● **Action item**
From the line containing "プライムコート浜野(1K/2階)の間取り写真" through the last line of the material, copy every line exactly, both ends inclusive; do not copy pictures.

● **Source data**
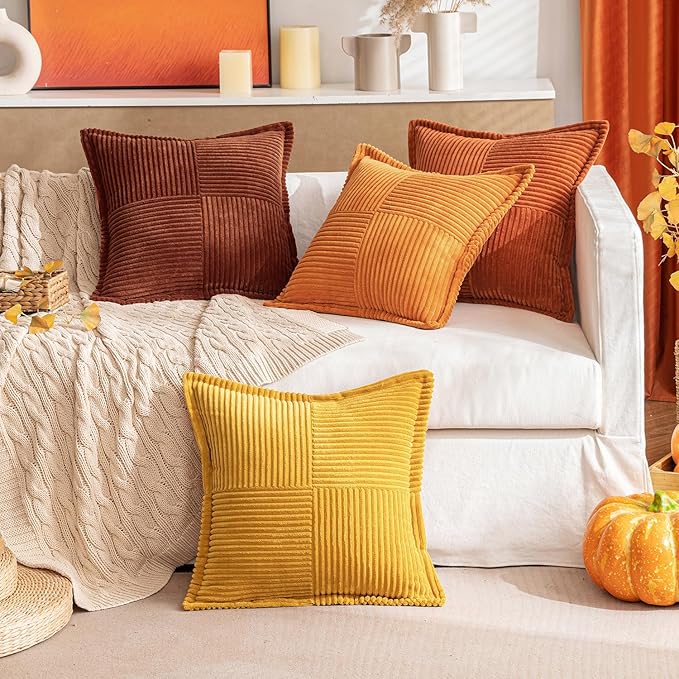 MIULEE Dark Rust Fall Decorative Lumbar Throw Pillow Covers for Couch Bed Livingroom 12x20 Inch Set of 2 Boho Accent Throw Pllows Broadside Striped Patchwork Soft Corduroy Pillowcases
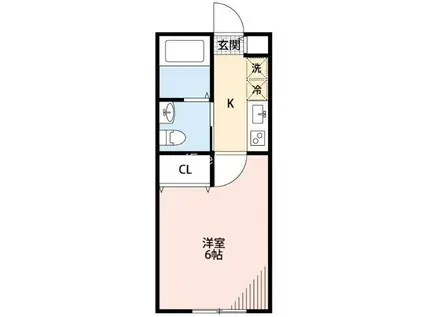 プライムコート浜野(1K/2階)の間取り写真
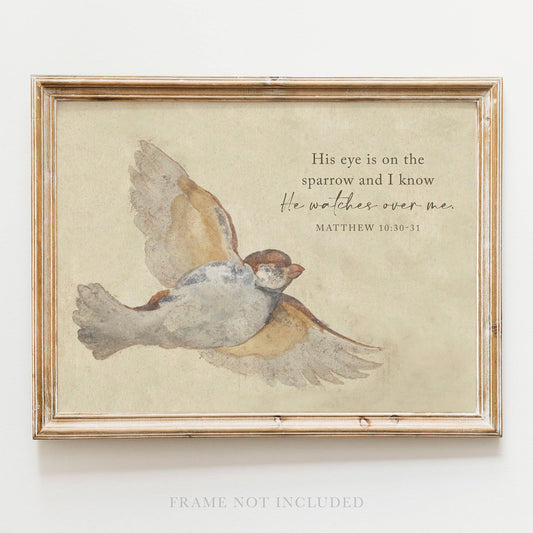 Sparrow Scripture Wall Art Print Christian Gift Decor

● **Answer box**
 プライムコート浜野(1K/2階)の間取り写真
 Sparrow Scripture Wall Art Print Christian Gift Decor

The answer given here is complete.